[Start of Attachment]
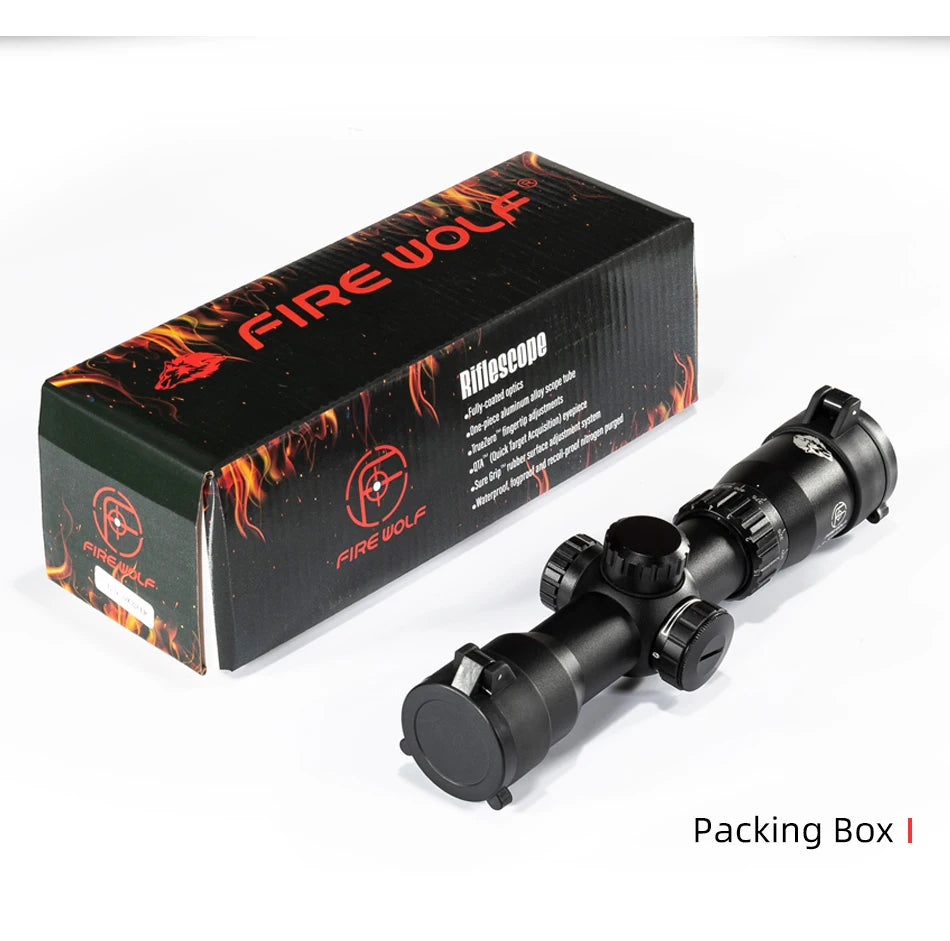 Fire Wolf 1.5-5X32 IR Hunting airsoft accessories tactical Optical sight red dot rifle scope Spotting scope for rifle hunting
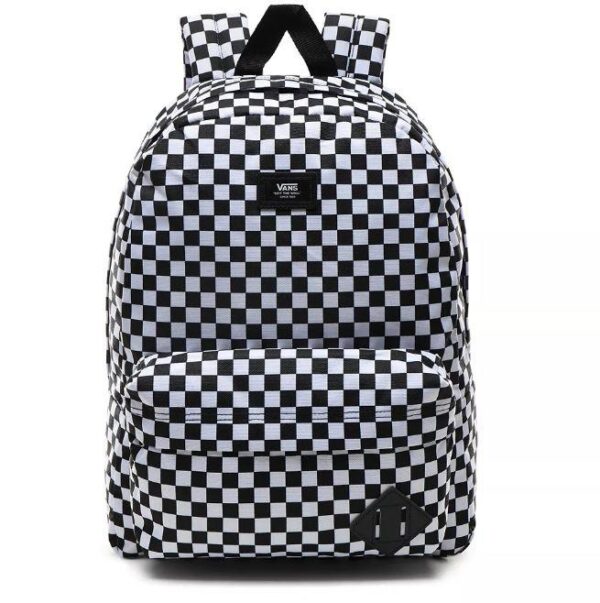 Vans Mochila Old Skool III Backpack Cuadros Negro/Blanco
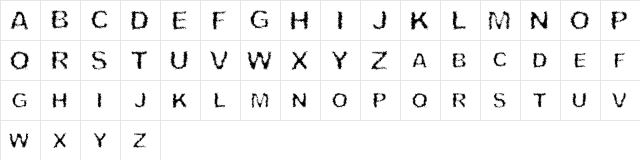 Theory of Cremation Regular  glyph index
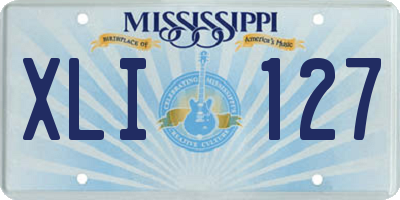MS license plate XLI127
[End of Attachment]
◆ **How to complete this task**
Give again, word for word, the lines above from the one with "Theory of Cremation" through the final line of the data, both ends included. Do not copy any picture.

◆ **Task answer**
 Theory of Cremation Regular  glyph index
MS license plate XLI127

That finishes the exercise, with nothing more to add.